■ Task brief ■
Print exactly the lines below between the line containing "A patio with" and the line containing "Taylor Swift and", counting both of those lines. Leave pictures out.

■ The records ■

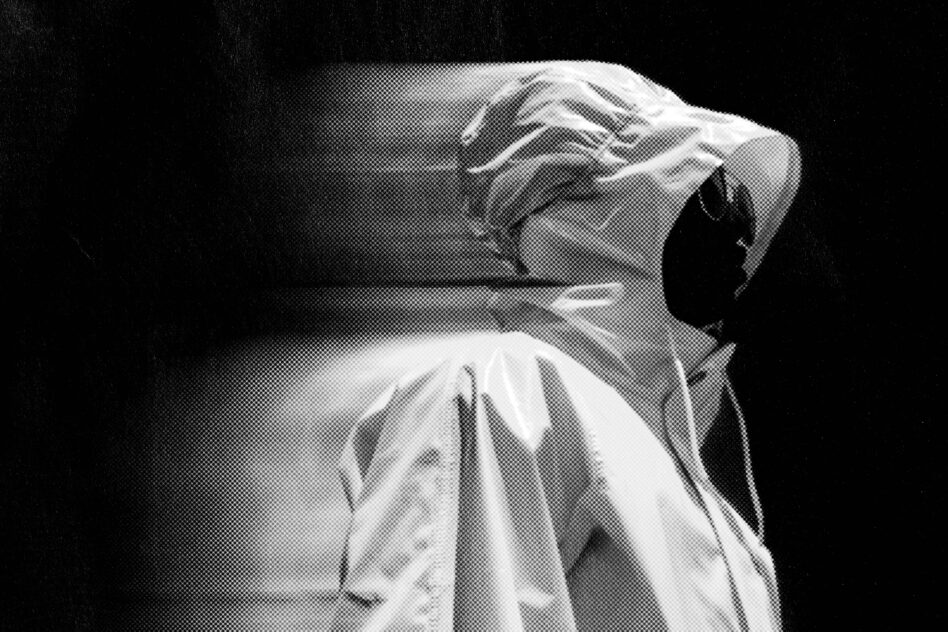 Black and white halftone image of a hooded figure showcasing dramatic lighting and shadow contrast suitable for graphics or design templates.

==

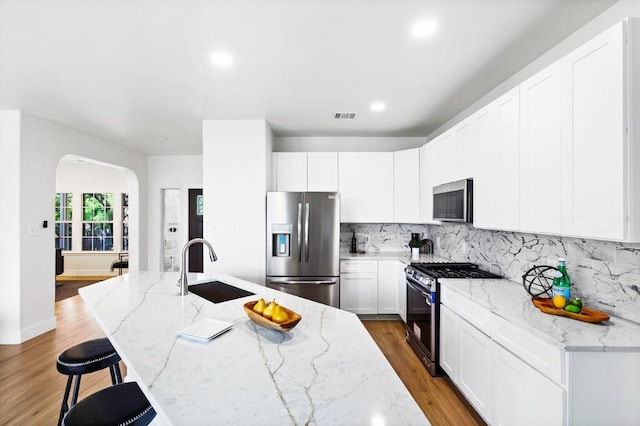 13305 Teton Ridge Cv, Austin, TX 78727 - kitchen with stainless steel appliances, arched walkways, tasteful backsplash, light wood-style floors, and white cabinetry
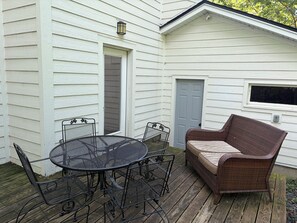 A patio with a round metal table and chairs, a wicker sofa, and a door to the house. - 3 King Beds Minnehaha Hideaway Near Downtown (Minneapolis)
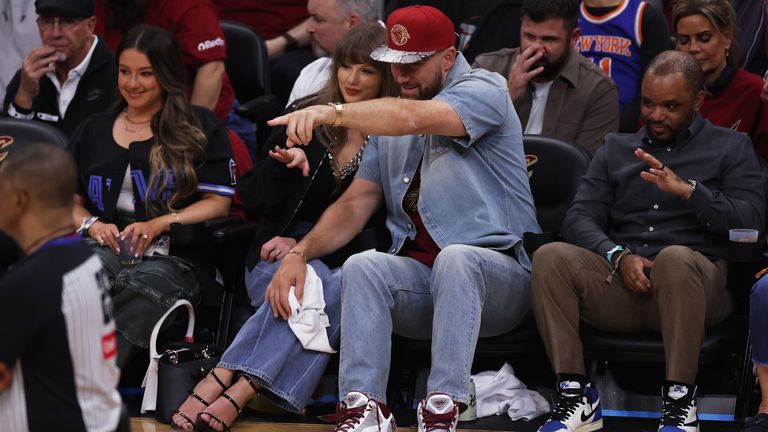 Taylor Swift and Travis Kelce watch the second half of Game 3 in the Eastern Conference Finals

■ Response to the task ■
 A patio with a round metal table and chairs, a wicker sofa, and a door to the house. - 3 King Beds Minnehaha Hideaway Near Downtown (Minneapolis)
 Taylor Swift and Travis Kelce watch the second half of Game 3 in the Eastern Conference Finals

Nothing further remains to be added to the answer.